C’era una volta Greta. E c’erano i gretini. La favola prosegue con la scomparsa di tutta la banda degli ambientalisti del venerdì. Però i problemi dell’ecologia, dell’inquinamento, dei ritardi nella tutela del suolo restano.
Problemi reali, ma con una gestione totalmente avulsa dalla realtà. Perché adesso che è svanita Greta, sono i dem Usa ad utilizzare l’ambiente come arma per obbligare il mondo a riconoscere la leadership globale di Washington.

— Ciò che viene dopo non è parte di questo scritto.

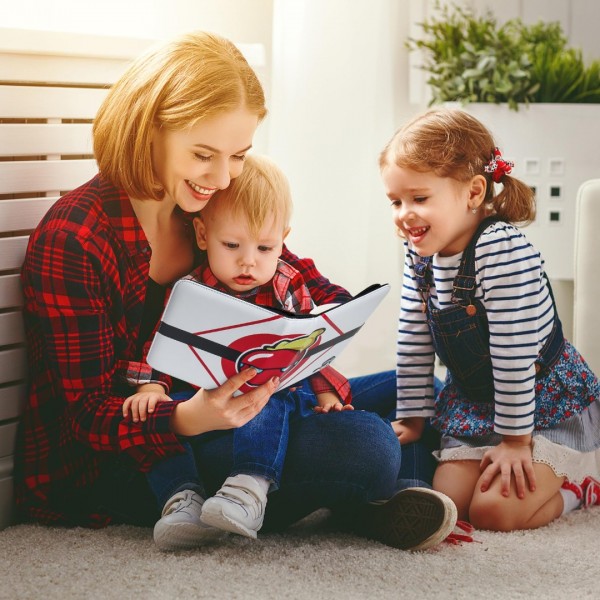 4 Pocket Zipper Card Binder Compatible with Pokemon Cards- GEAoffice Trading Card Collection Book Album Holder with Zipper - 400 Top Loading Pocket Binder for TCG, MTG -Toys Gifts for Boys Girls, Red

Si è iniziato coinvolgendo l’Europa che, priva di politica estera e con media asserviti al potere Usa, si è affrettata a chinare il capo. In cambio Biden ha concesso alla Germania di completare il North stream per i rifornimenti energetici dalla Russia.

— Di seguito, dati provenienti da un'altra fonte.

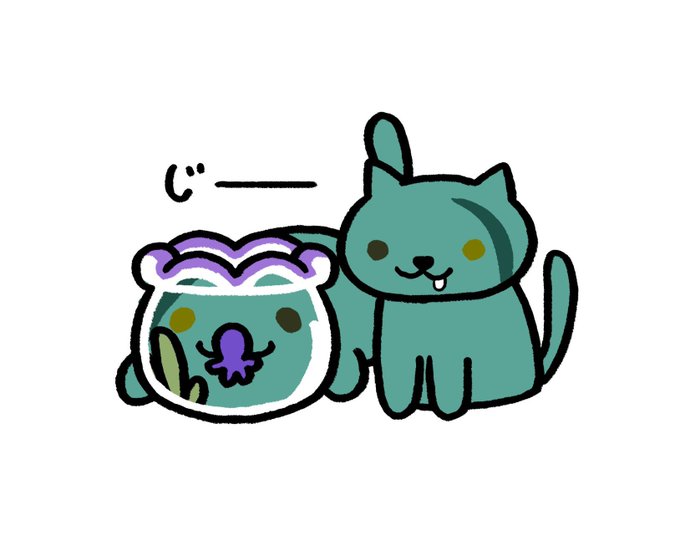 【4月1日(日)】お庭の金魚ばちのまわりに、ねこちゃんが集まってきました。よくにたもようの兄弟みたいです。じっとタコちゃんを見つめていて、とてもかわいかったです。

E poi, giocando sempre sull’ambientalismo, gli americani hanno incrinato il rapporto tra Mosca e Pechino. La Cina non vuole uno scontro a tutto campo con gli Usa prima di 10/15 anni. Ha bisogno di tecnologie d’avanguardia che non arrivano da Mosca ma da Europa e Stati Uniti.

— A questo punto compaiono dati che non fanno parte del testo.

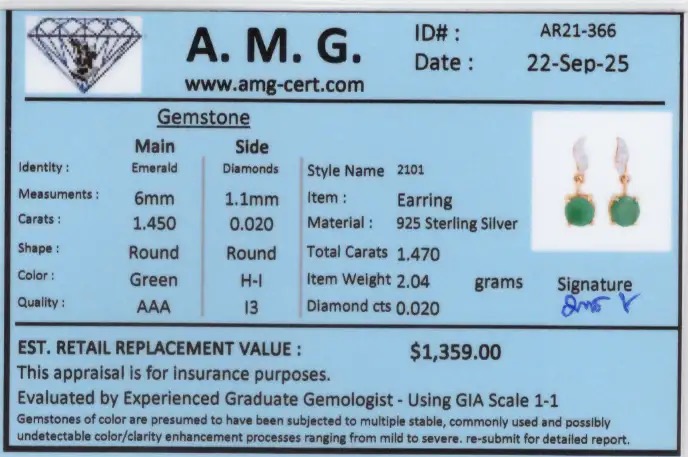 1.47 CTW Natural Diamonds & Emeralds 18K Gold Plated Designer Earrings | Estimated Retail Value: $1,359 (AMG) at PristineAuction.com 1.47 CTW Natural Diamonds & Emeralds 18K Gold Plated Designer Earrings | Estimated Retail Value: $1,359 (AMG) at PristineAuction.com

Mentre i rapporti tra Russia ed Usa possono anche peggiorare, a partire dalle politiche ambientali. Mosca non ha le tecnologie per un salto di qualità nel settore. Gli oligarchi non sono interessati ad investire sull’ambiente e Washington avrà gioco facile ad additare la Russia come responsabile dell’inquinamento globale.

Puntando, inoltre, sulle tensioni che crescono nelle regioni asiatiche della Russia. Laddove i cinesi stanno affittando spazi immensi a costi irrisori, grazie alla immancabile corruzione dei funzionari russi.
Ma gli Usa osservano con attenzione anche il futuro del Cremlino. Putin non è eterno e non ha delfini all’altezza. Dunque Washington può aspettare che arrivi un successore che porti Mosca nell’orbita americana, che contrasti ogni velleità di indipendenza europea. Ci sono 10/15 anni di margine, prima che la Cina sia troppo forte. Un periodo sufficiente per impedire un rafforzamento della Russia in nome della salvaguardia dell’ambiente.